## Records for the task
++++

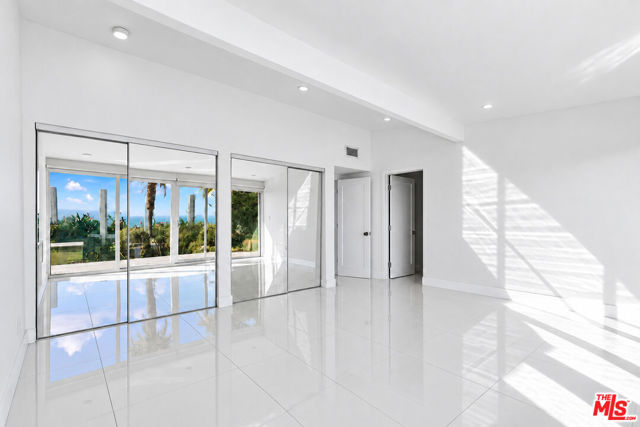 6246 Trancas Canyon Road photo 10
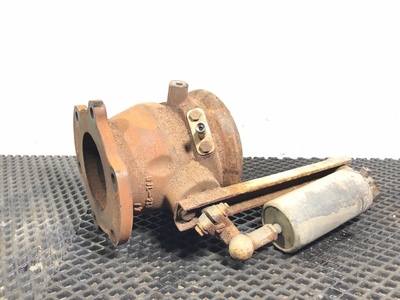 KAMAZ �������� ������� ������� ����� 5490 �/� (����, ��� 1)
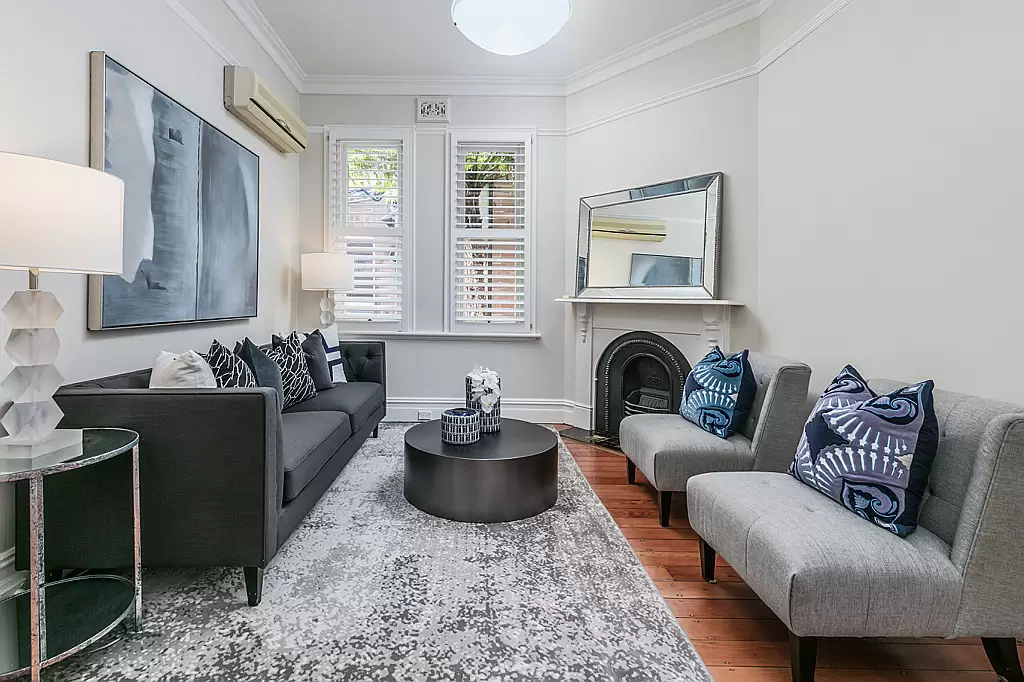 18 Hayberry Street, Crows Nest Sold by Aurora Property - image 10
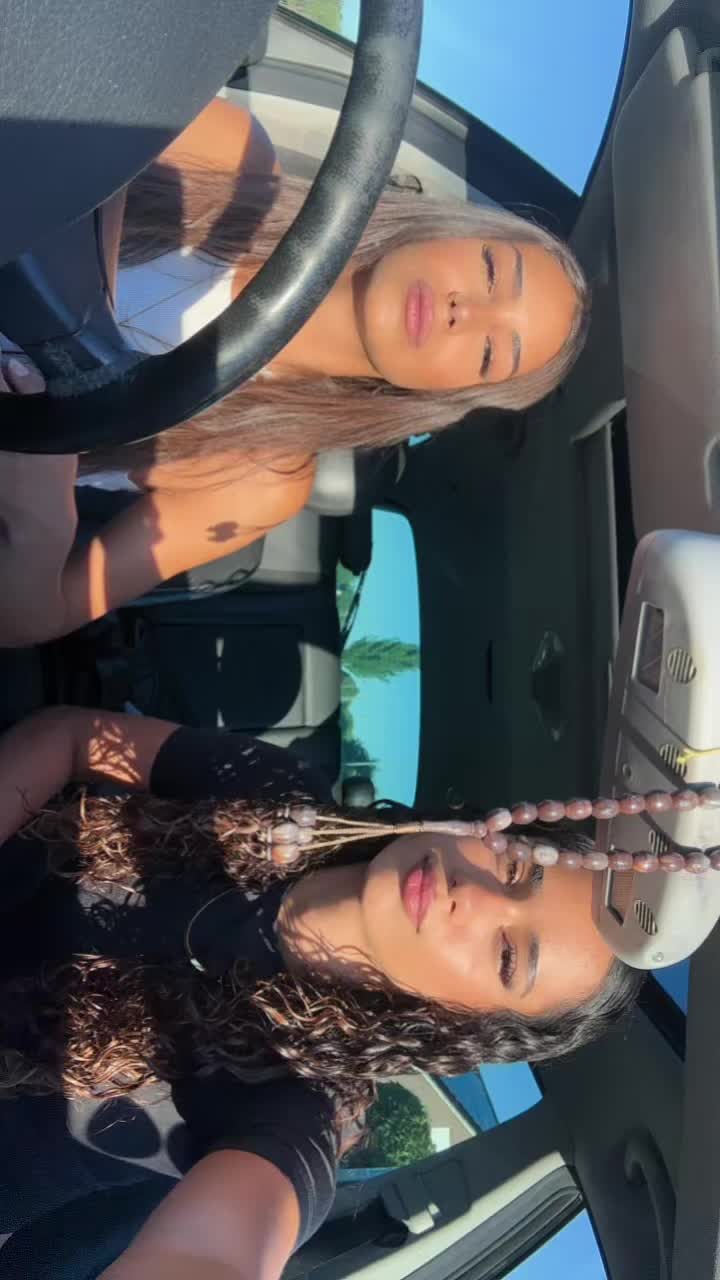 @hayroxleilo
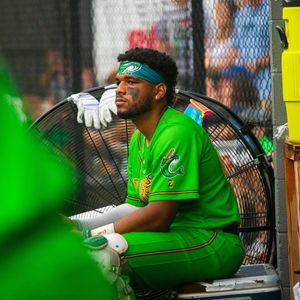 Image post by @cheysmedia on Instagram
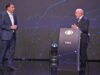 Mendonça decide que Lula e Flávio Bolsonaro podem divulgar próprios sigilos sem aval do TSE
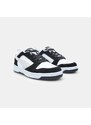 Pánske tenisky Puma Rebound v6 Low SD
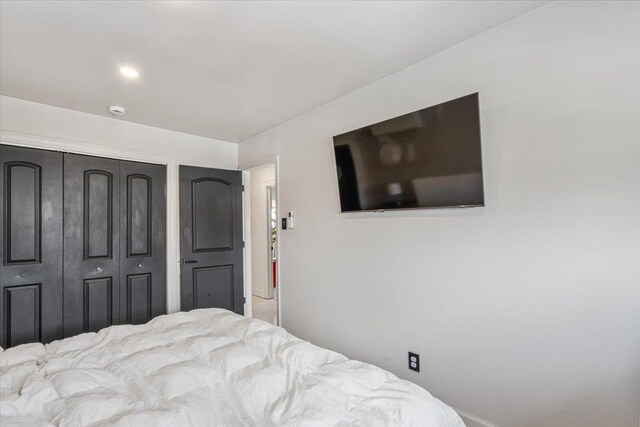 16322 95th St, Howard Beach, NY 11414 - photo 15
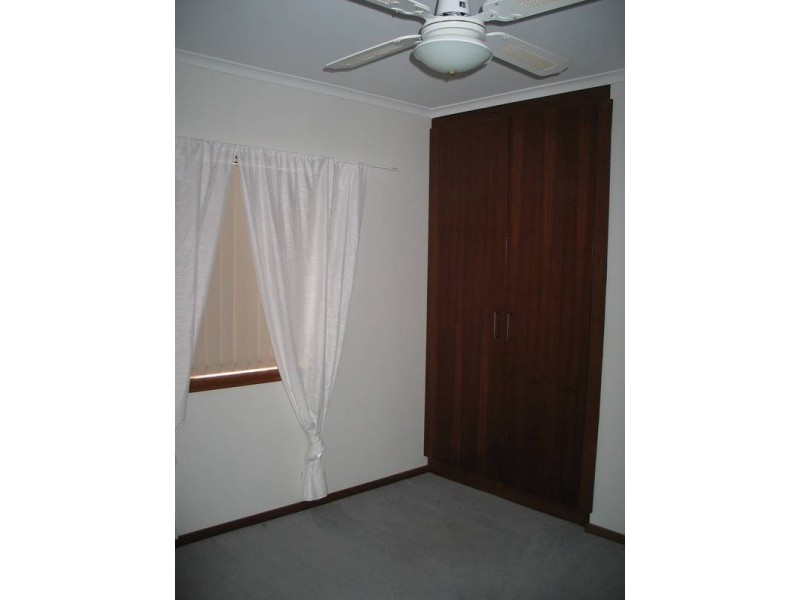 Lot 1, 1/ Mary Starr Drive, Waikerie SA 5330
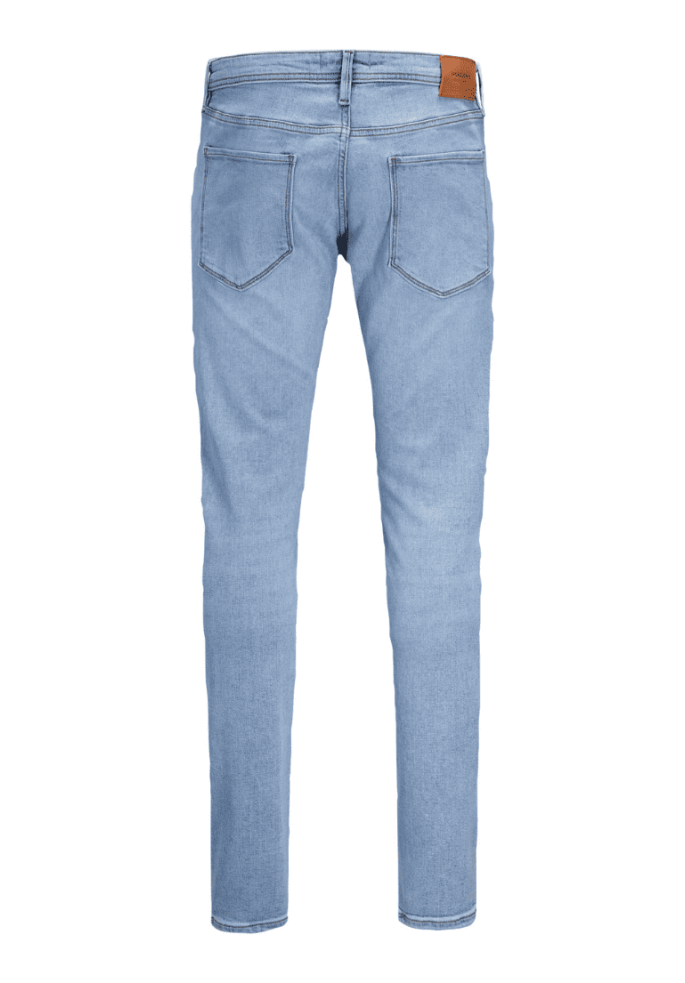 JEANS SLIM GLENN | JACK & JONES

++++

## The task
Exact copy, no pictures: reproduce every entry shown above.

## Output for this exercise
 6246 Trancas Canyon Road photo 10
 KAMAZ �������� ������� ������� ����� 5490 �/� (����, ��� 1)
 18 Hayberry Street, Crows Nest Sold by Aurora Property - image 10
 @hayroxleilo
 Image post by @cheysmedia on Instagram
 Mendonça decide que Lula e Flávio Bolsonaro podem divulgar próprios sigilos sem aval do TSE
 Pánske tenisky Puma Rebound v6 Low SD
 16322 95th St, Howard Beach, NY 11414 - photo 15
 Lot 1, 1/ Mary Starr Drive, Waikerie SA 5330
 JEANS SLIM GLENN | JACK & JONES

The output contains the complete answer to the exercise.